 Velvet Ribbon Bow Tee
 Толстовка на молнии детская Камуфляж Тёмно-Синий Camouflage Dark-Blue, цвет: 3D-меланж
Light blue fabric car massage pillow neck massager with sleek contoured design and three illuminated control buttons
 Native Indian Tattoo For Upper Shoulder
++++++
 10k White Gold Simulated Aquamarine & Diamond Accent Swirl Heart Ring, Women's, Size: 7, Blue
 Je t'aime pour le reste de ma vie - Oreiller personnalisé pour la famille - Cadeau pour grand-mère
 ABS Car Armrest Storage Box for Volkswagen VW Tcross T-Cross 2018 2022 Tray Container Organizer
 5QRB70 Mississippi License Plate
++++++
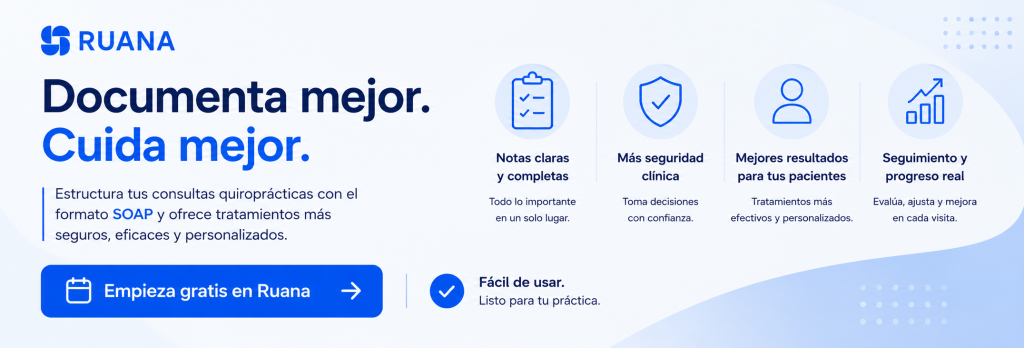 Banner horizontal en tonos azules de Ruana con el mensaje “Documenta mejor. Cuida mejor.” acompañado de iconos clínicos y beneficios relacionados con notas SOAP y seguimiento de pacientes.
++++++
__Aim of the exercise__
Reproduce exactly the lines of the records above from the one with "Толстовка на молнии" to the one with "Native Indian Tattoo For Upper Shoulder", both included, and leave out everything else.

__Expected answer__
 Толстовка на молнии детская Камуфляж Тёмно-Синий Camouflage Dark-Blue, цвет: 3D-меланж
Light blue fabric car massage pillow neck massager with sleek contoured design and three illuminated control buttons
 Native Indian Tattoo For Upper Shoulder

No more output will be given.